Nous avons ensuite à noter, comme cause de la modification progressive des gouvernements composés, que, de même que les gouvernements simples, ils sont susceptibles de tomber à l’état de subordination à l’égard de leurs propres agents administratifs. Le premier exemple à citer nous présente la modification en même temps que cette subordination : c’est celui de Sparte. Les éphores, primitivement nommés par les rois pour remplir des fonctions sous leurs ordres, commencèrent par s’élever au-dessus des rois et finirent par s’élever aussi au-dessus du sénat : ce qui fit d’eux le véritable gouvernement.

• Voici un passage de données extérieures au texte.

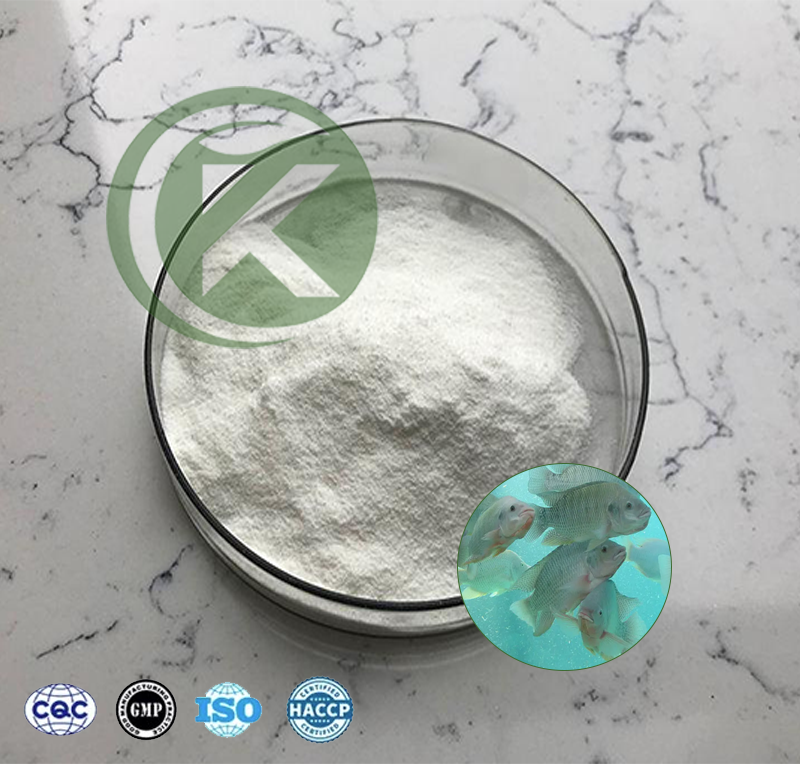 Fish Collagen Peptide Powder.png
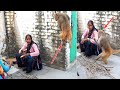 राज़ाबाबू चुपके से आए चूल्हे की ताज़ा रोटियाँ खाने | Feeding Animals New Vlog | Monkeys Viral Video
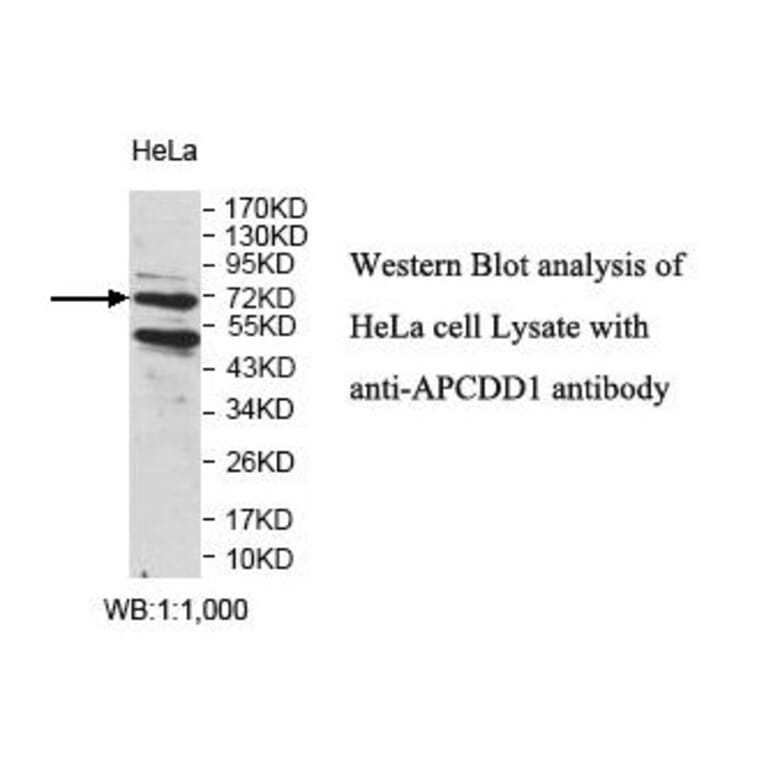 APCDD1 Antibody from Signalway Antibody (39825) - Antibodies.com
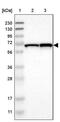 DENN Domain Containing 4C antibody, PA5-53279, Invitrogen Antibodies, Western Blot image 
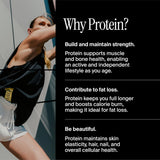 david high protein bars no sugar peanut butter chocolate chunk flavor 28g protein low carb gluten free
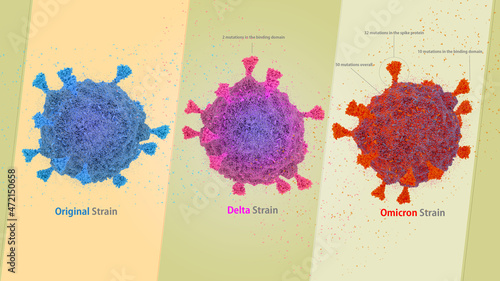 Photos COVID-19 virus SARS-COV-2 original strain, DELTA and OMICRON strain comparison , covid-19 B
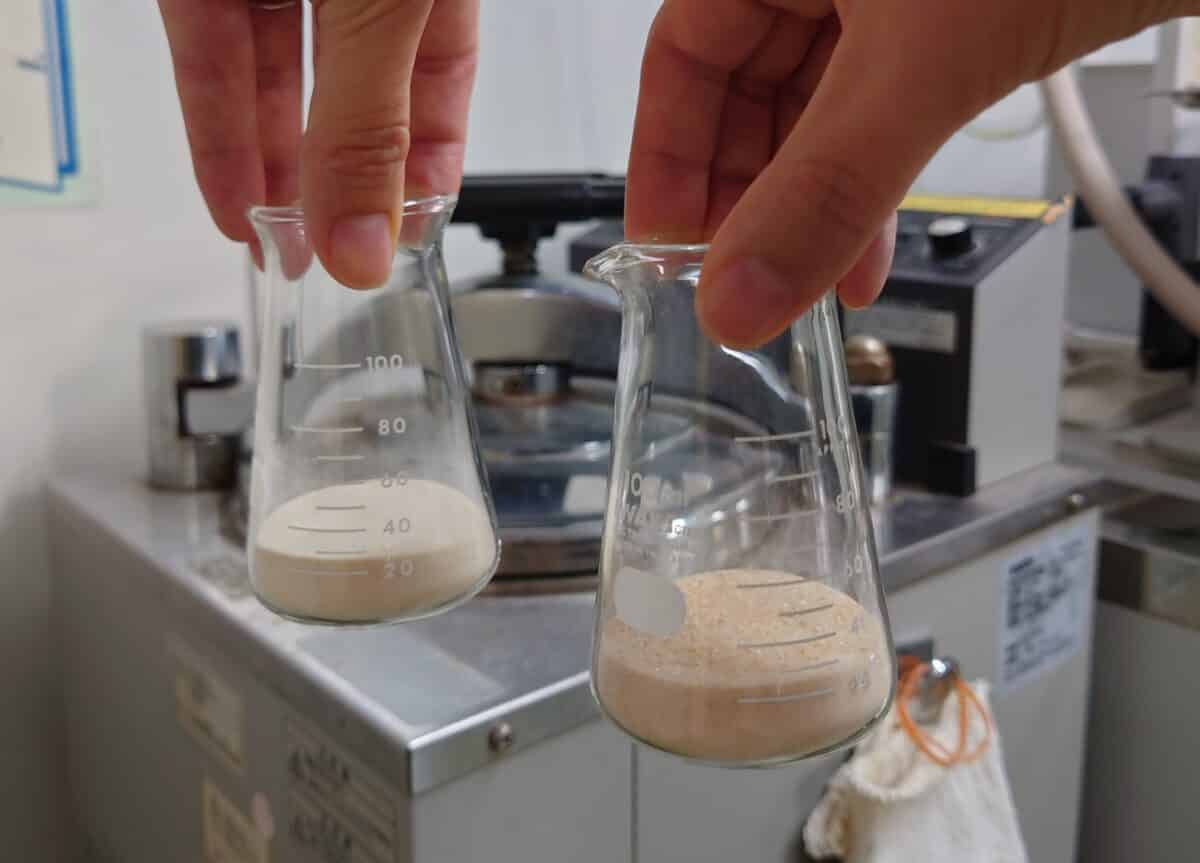 soy protein isolate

Nous avons encore l’exemple de Venise, où le pouvoir, jadis exercé par le peuple, passa peu à peu aux mains d’un pouvoir exécutif, dont les membres habituellement réélus, et à leur mort remplacés par leurs enfants, finirent par former une aristocratie, d’où sortit plus tard le conseil des Dix, qui, chargés à Venise du même rôle que les éphores à Sparte, « veillaient à la sécurité de l’Etat avec une puissance supérieure aux lois, » et qui, « affranchis du frein des lois, » constituaient le gouvernement réel. À travers ses nombreuses révolutions et ses changements de constitution, Florence montra les mêmes tendances. Les administrateurs nommés, seigneurie, prieurs, acquirent le pouvoir, pendant la durée de leurs fonctions, de réaliser leur projet même au prix de la suspension de la constitution ils s’assuraient le consentement forcé de l’assemblée du peuple qu’ils faisaient cerner par des hommes d’armes. À la fin, le principal agent exécutif, réélu de temps en temps pour la forme, mais en réalité inamovible, devint, dans la personne de Cosme de Médicis, le fondateur d’un gouvernement héréditaire.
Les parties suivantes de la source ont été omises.